• **What is being asked**: Word for word, please copy the listing below, with its pictures left out.

• **Task material**:
◇ ◇ ◇

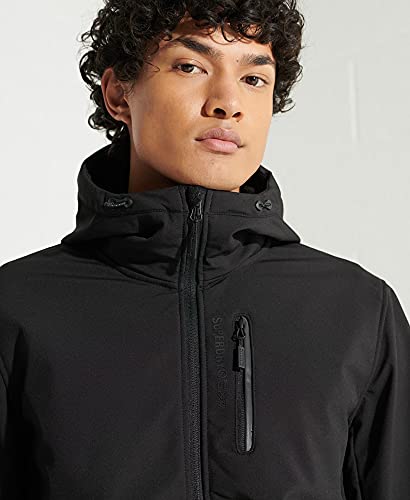 Superdry Hooded Softshell Parka, Negro, X-Large para Hombre
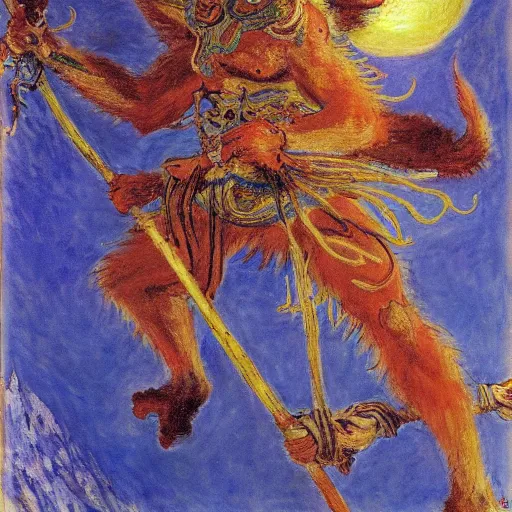 Image similar to Sun Wukong, Journey to the west, Claude Monet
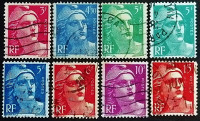 Набор почтовых марок (8 шт.). "Марианна". 1946 год, Франция.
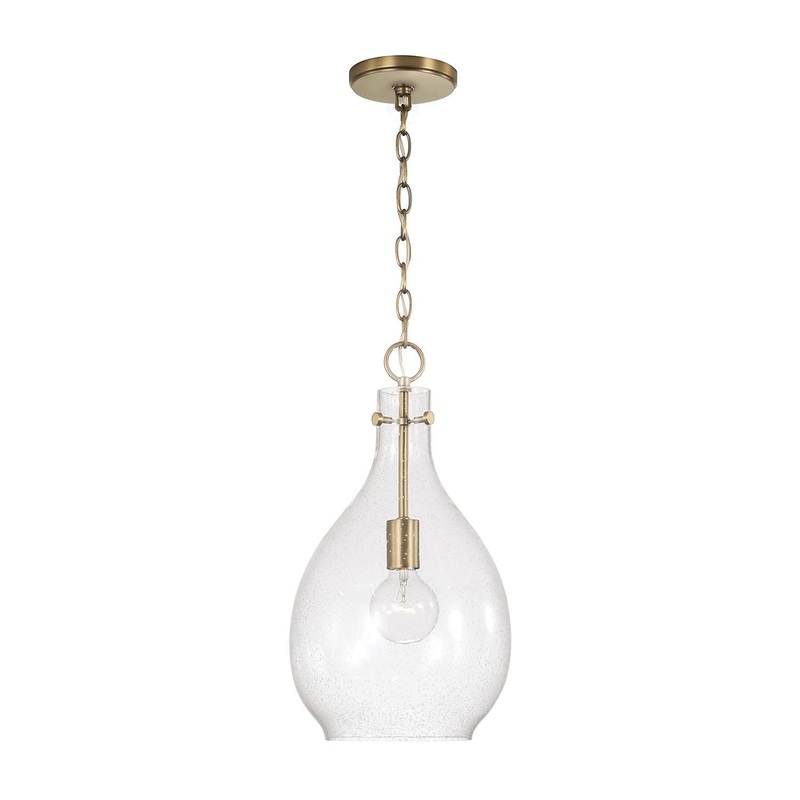Capital Lighting 349011AD Brentwood 1 Light Pendant Aged Brass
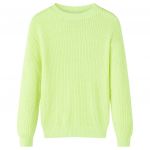 Pulover pentru copii tricotat, galben neon, 92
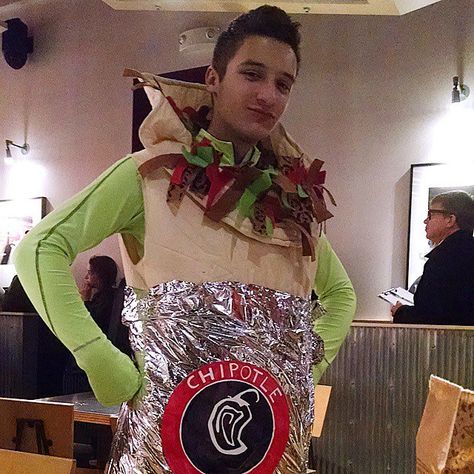 Pin for Later: 20 Things All Chipotle Worshipers Know to Be True You've Gone as a Chipotle Burrito For Halloween It's 100 percent worth it, just to get the $3 boorito. Chipotle Burrito, Halloween Pins, Burritos, 100 Percent, Worth It, The 3, Fall Decor, Christmas Sweaters, Photo Galleries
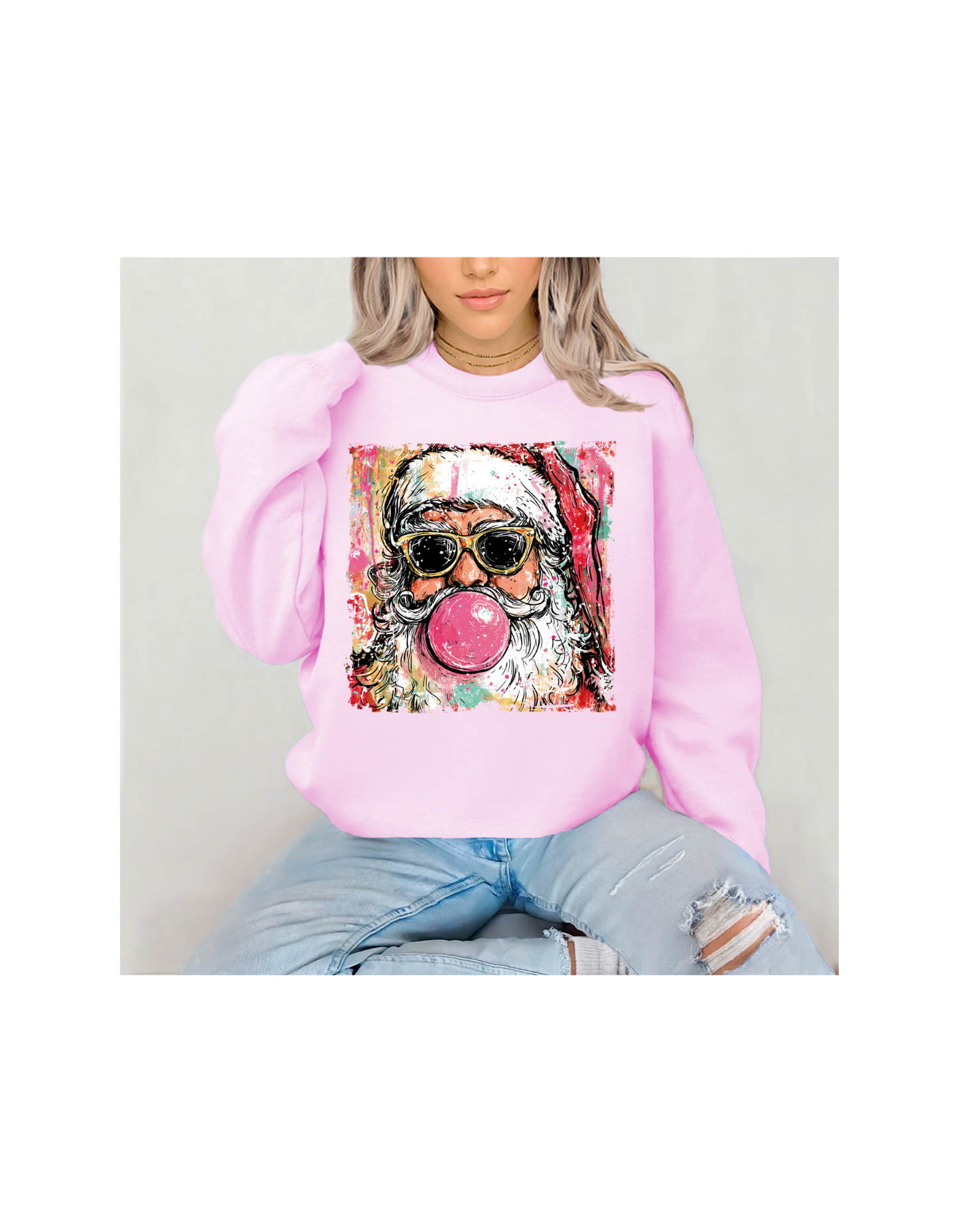Santa claus colorful crewneck sweatshirt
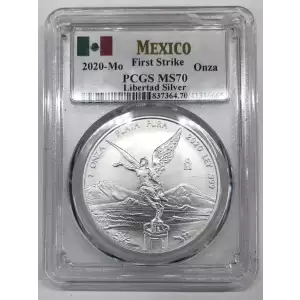 2020-Mo PCGS MS-70 First Strike Mexico 1 oz Silver Libertad Onza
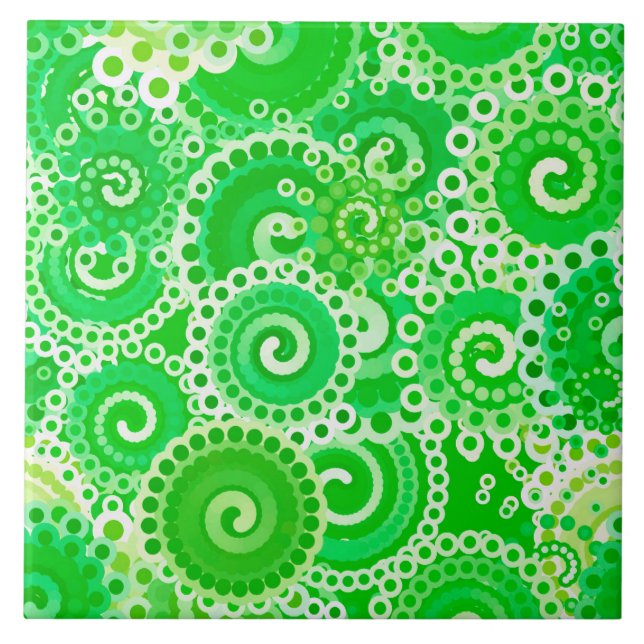 Fractal swirl pattern, shades of spring green tile (Front)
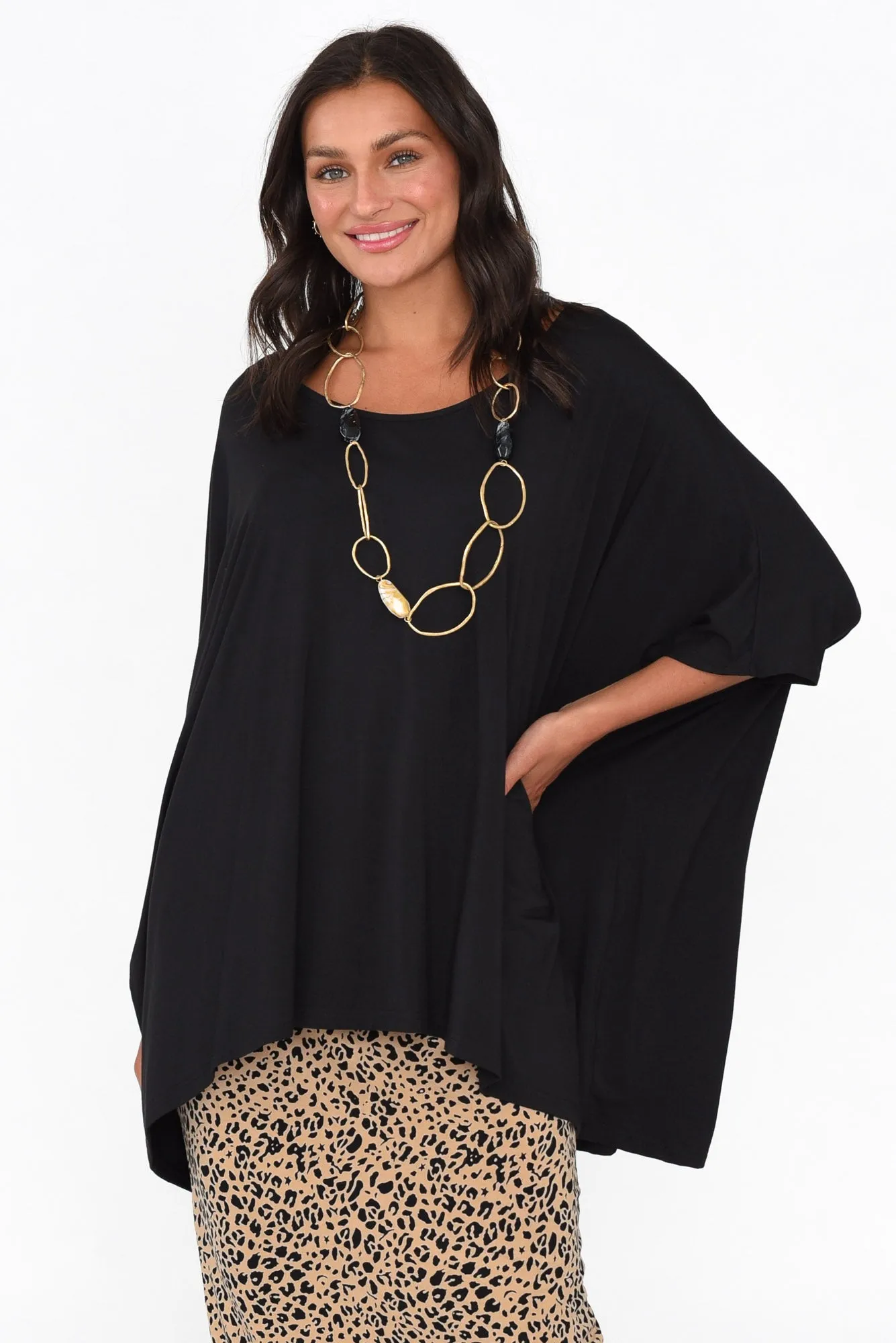 Sorronda Black Bamboo Batwing Top sold by Blue Bungalow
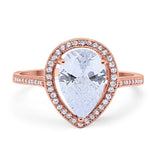 14K Rose Gold Halo Teardrop Bridal Ring Pear Round Cubic Zirconia Size-7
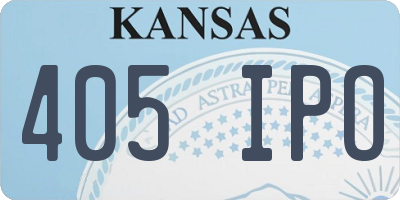 KS license plate 405IPO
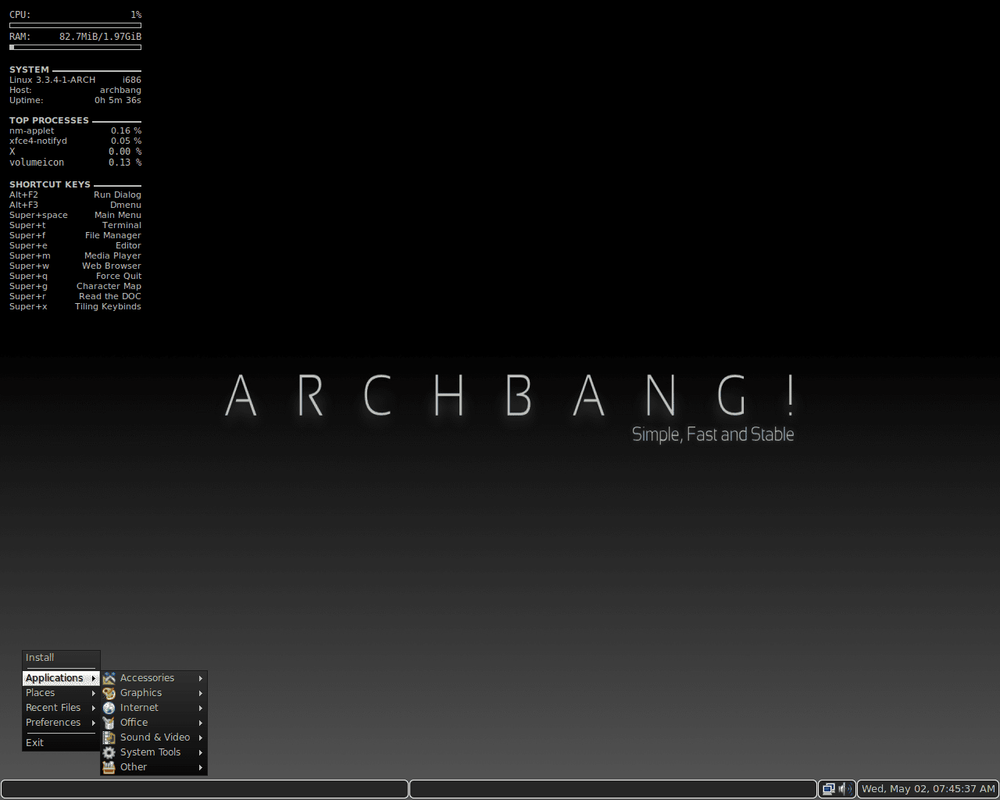 ArchBang Linux DVD simple lightweight Linux distribution 32-Bit and 64-Bit USA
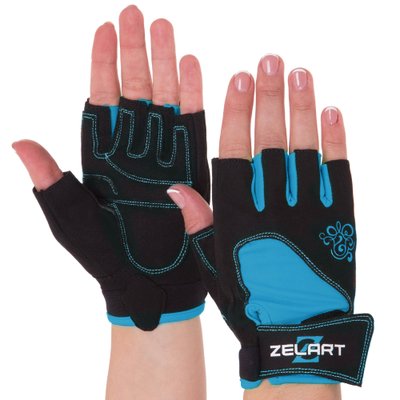 Перчатки для фитнеса ZELART SB-161728 (спандекс, неопрен, открытые пальцы, р-р XS-M, цвета в ассортименте) SB-161728_Черный-голубой_XS фото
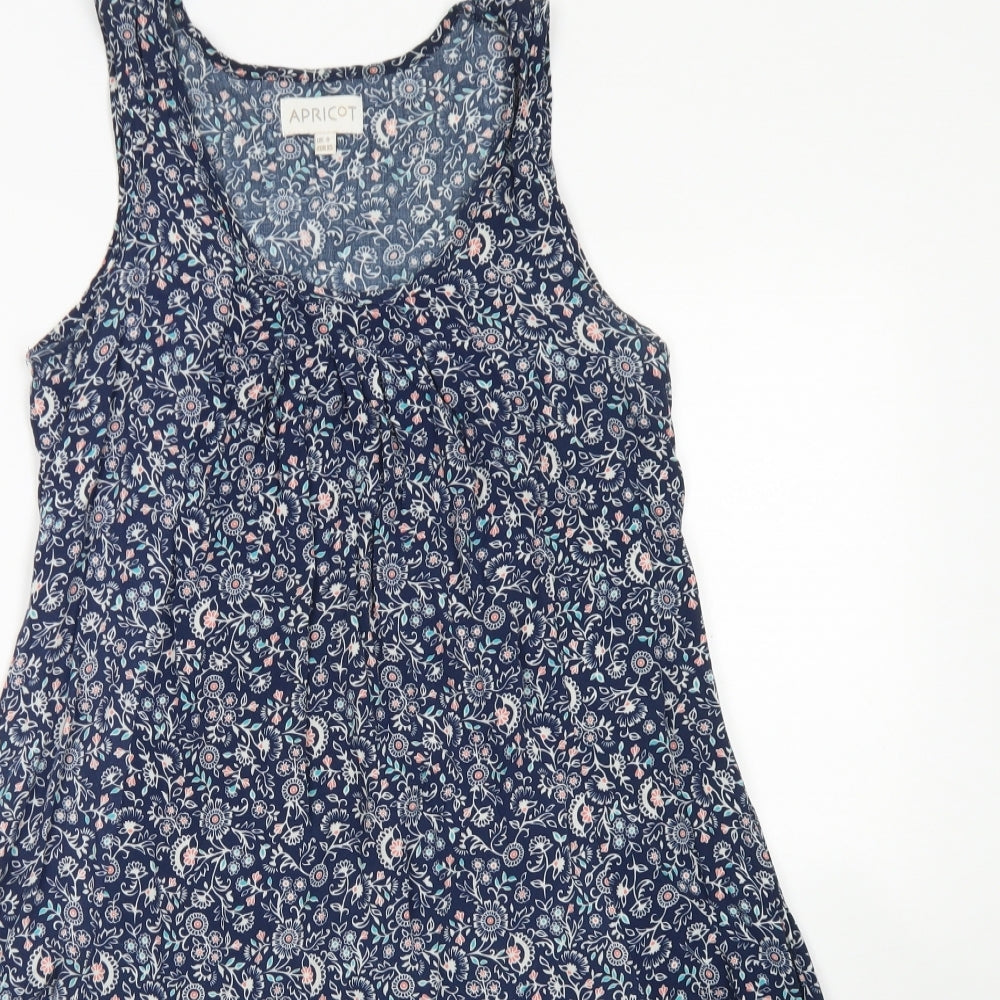 Apricot Womens Blue Floral Viscose Trapeze & Swing  Size 8  Round Neck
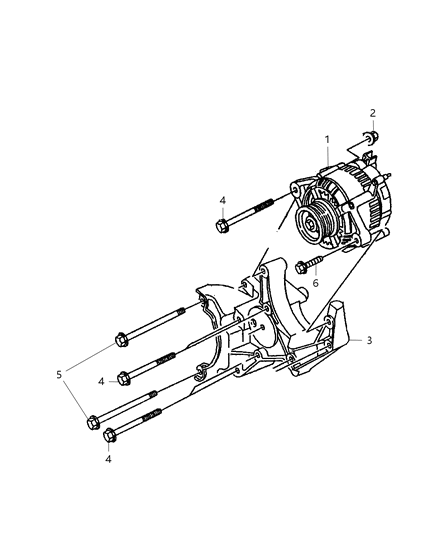 1999 Dodge Ram 1500 Alternator & Mounting Diagram 3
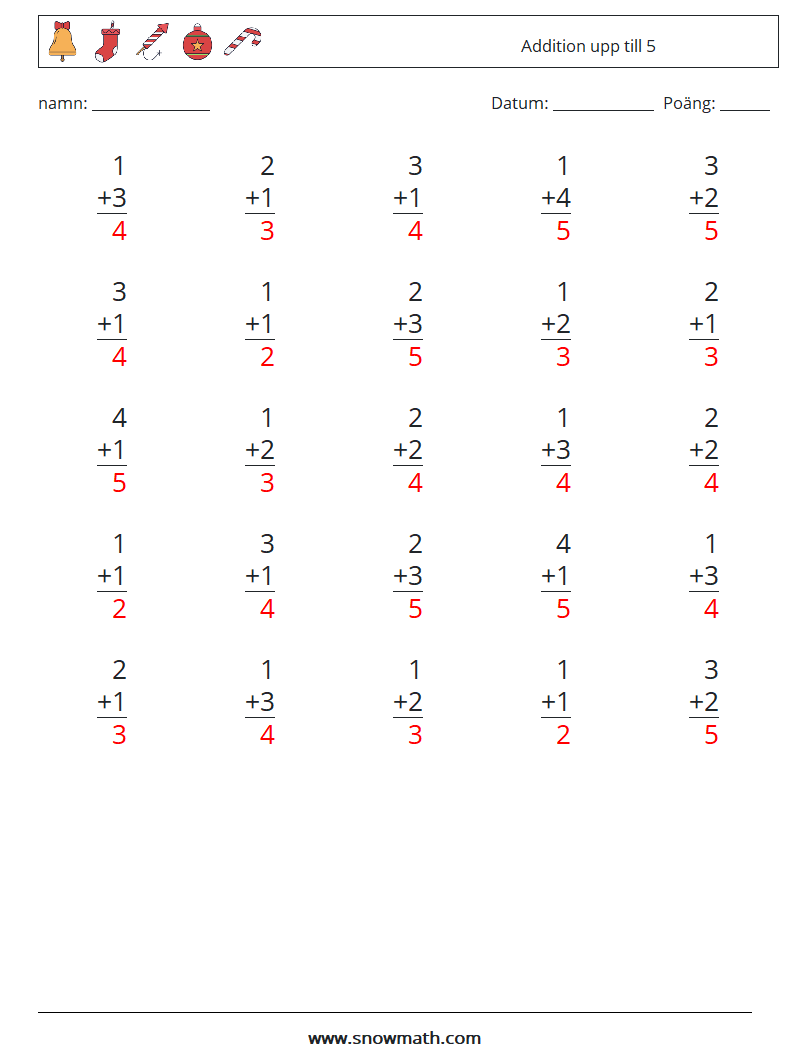 (25) Addition upp till 5 Matematiska arbetsblad 5 Fråga, svar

◇ ◇ ◇

• **Response area**:
 Superdry Hooded Softshell Parka, Negro, X-Large para Hombre
 Image similar to Sun Wukong, Journey to the west, Claude Monet
 Набор почтовых марок (8 шт.). "Марианна". 1946 год, Франция.
Capital Lighting 349011AD Brentwood 1 Light Pendant Aged Brass
 Pulover pentru copii tricotat, galben neon, 92
 Pin for Later: 20 Things All Chipotle Worshipers Know to Be True You've Gone as a Chipotle Burrito For Halloween It's 100 percent worth it, just to get the $3 boorito. Chipotle Burrito, Halloween Pins, Burritos, 100 Percent, Worth It, The 3, Fall Decor, Christmas Sweaters, Photo Galleries
Santa claus colorful crewneck sweatshirt
 2020-Mo PCGS MS-70 First Strike Mexico 1 oz Silver Libertad Onza
 Fractal swirl pattern, shades of spring green tile (Front)
 Sorronda Black Bamboo Batwing Top sold by Blue Bungalow
 14K Rose Gold Halo Teardrop Bridal Ring Pear Round Cubic Zirconia Size-7
 KS license plate 405IPO
 ArchBang Linux DVD simple lightweight Linux distribution 32-Bit and 64-Bit USA
 Перчатки для фитнеса ZELART SB-161728 (спандекс, неопрен, открытые пальцы, р-р XS-M, цвета в ассортименте) SB-161728_Черный-голубой_XS фото
 Apricot Womens Blue Floral Viscose Trapeze & Swing  Size 8  Round Neck
 1999 Dodge Ram 1500 Alternator & Mounting Diagram 3
 (25) Addition upp till 5 Matematiska arbetsblad 5 Fråga, svar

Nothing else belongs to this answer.